Data entries
::::::::

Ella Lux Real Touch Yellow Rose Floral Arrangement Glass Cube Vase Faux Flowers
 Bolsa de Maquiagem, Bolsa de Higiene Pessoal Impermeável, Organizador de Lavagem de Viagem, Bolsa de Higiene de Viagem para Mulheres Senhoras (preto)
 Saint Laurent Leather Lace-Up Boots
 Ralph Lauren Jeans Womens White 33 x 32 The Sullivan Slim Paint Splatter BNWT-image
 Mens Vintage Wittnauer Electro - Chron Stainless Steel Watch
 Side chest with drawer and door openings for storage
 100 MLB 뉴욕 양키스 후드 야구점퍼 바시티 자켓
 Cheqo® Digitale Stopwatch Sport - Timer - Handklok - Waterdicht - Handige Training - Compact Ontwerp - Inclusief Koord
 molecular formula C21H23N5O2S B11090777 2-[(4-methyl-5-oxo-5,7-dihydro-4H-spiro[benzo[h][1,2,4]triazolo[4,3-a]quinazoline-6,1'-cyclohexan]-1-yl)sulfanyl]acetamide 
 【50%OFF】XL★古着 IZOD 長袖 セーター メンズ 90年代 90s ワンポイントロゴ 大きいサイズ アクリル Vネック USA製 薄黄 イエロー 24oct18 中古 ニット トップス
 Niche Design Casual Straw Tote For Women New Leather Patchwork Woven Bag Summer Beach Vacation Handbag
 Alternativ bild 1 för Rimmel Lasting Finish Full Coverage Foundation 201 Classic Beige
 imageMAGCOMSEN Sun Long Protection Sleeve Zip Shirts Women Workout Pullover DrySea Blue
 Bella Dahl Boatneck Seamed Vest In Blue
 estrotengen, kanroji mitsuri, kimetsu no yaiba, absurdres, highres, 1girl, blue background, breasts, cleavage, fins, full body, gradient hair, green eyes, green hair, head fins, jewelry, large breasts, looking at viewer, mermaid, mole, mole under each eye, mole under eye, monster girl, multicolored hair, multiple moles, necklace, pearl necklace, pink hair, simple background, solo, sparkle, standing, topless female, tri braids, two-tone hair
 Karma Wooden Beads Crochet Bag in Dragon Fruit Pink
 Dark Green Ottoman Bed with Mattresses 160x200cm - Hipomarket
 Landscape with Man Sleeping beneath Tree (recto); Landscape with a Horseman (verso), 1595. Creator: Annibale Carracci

::::::::

▶ ABOUT THIS EXERCISE
Among the records above, only the lines between the line holding "Saint Laurent Leather Lace-Up Boots" and the line holding "Cheqo® Digitale Stopwatch", inclusive, are to be output, exactly as written.

▶ SOLUTION FOR THIS PROBLEM
 Saint Laurent Leather Lace-Up Boots
 Ralph Lauren Jeans Womens White 33 x 32 The Sullivan Slim Paint Splatter BNWT-image
 Mens Vintage Wittnauer Electro - Chron Stainless Steel Watch
 Side chest with drawer and door openings for storage
 100 MLB 뉴욕 양키스 후드 야구점퍼 바시티 자켓
 Cheqo® Digitale Stopwatch Sport - Timer - Handklok - Waterdicht - Handige Training - Compact Ontwerp - Inclusief Koord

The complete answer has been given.